I've been wondering this myself for a few months. I'm at a critical stage in my education where I've got to choose my subjects for the Leaving Certificate, which will ultimately determine what third level course I get to learn. Problem is, you can only take seven subjects. Four of them are compulsory (French, English, Irish, mathematics) and you get to pick three others. Which means if you pick economics, business and accounting, you're blocking out the possibility of every doing a science-related course. And vice versa with biology, chemistry and physics; you're saying, 'I don't want to do commerce.' It's quite a narrow line.
By now I've pretty much decided that I'm going to do biology, chemistry and history. Anyone who hears that asks, 'so you're going for medicine?' and the answer is affirmative. This is where dilemma number two comes into play. Studying medicine is nearly impossible over here. Six of your subjects count towards your ultimate Leaving Cert results. There's a maximum of six hundred points to obtain. So it's one hundred points per subject. You need at least 570 points to study medicine in university. That is an unbelievable amount of points. A very diffcult feat to accomplish.

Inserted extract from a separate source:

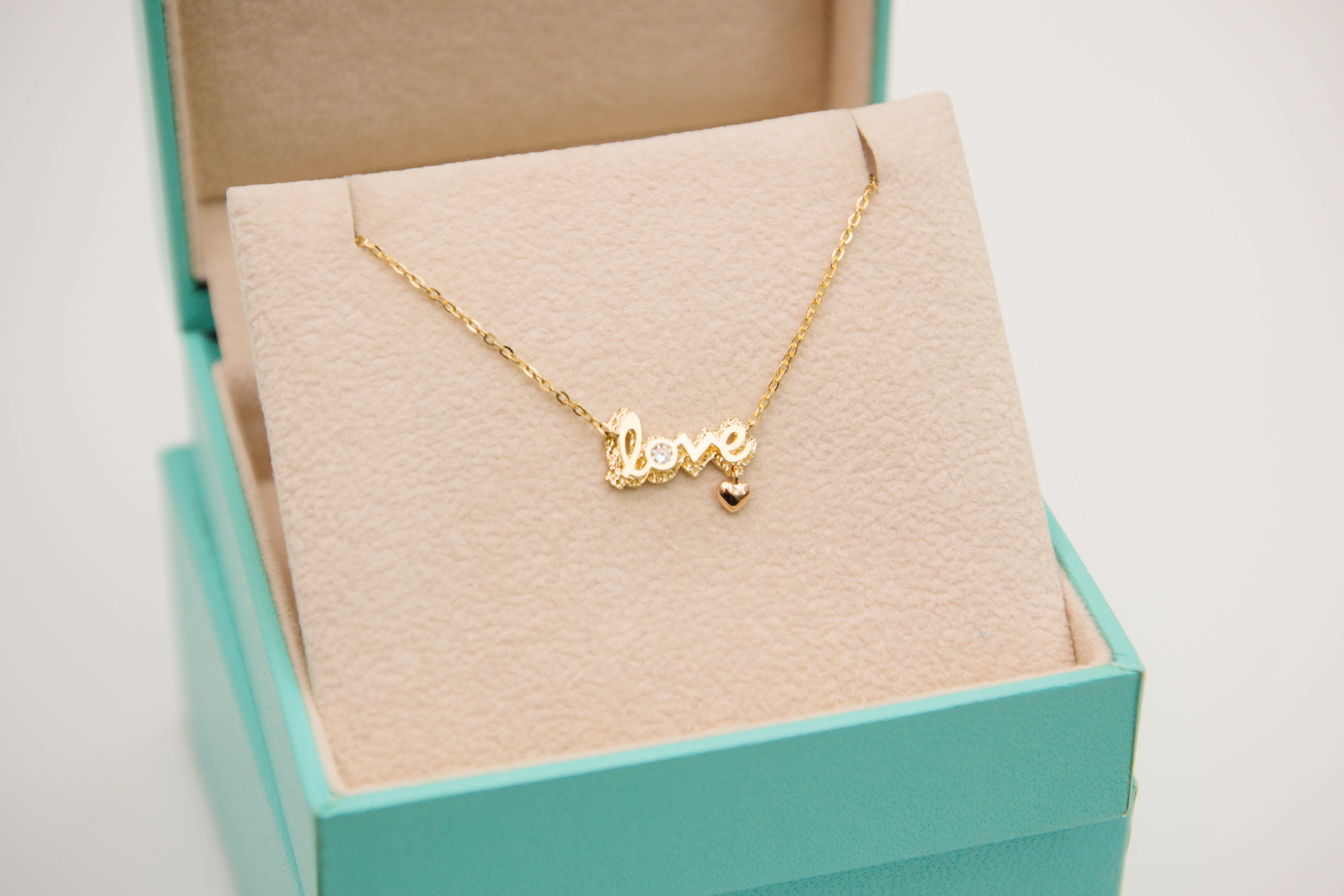Reno Love Necklace 14k Initial 14K Women's One-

So if my dreams of being a doctor die because it's just too hard to enroll in a course, what do I do then?
Well, I've always had a dream of being an author, but I'd never, ever be able to make a career out of it. I'm not that lucky or skilled. It'd be a nice side-occupation though. Anything involved in the media (acting, directing), I reckon I'd be pretty good at too but those are murky waters to be swimming in.
Then there's the practical option of working in IT. Despite what I lead people to believe, I'm actually decent at managing computer hardware/software. And getting into that course for third level education over here requires just over half of the points you need for medicine.
Then again, I'm an indecisive sixteen year old. Ask me this question in a year and I bet my mindset will be on something completely different.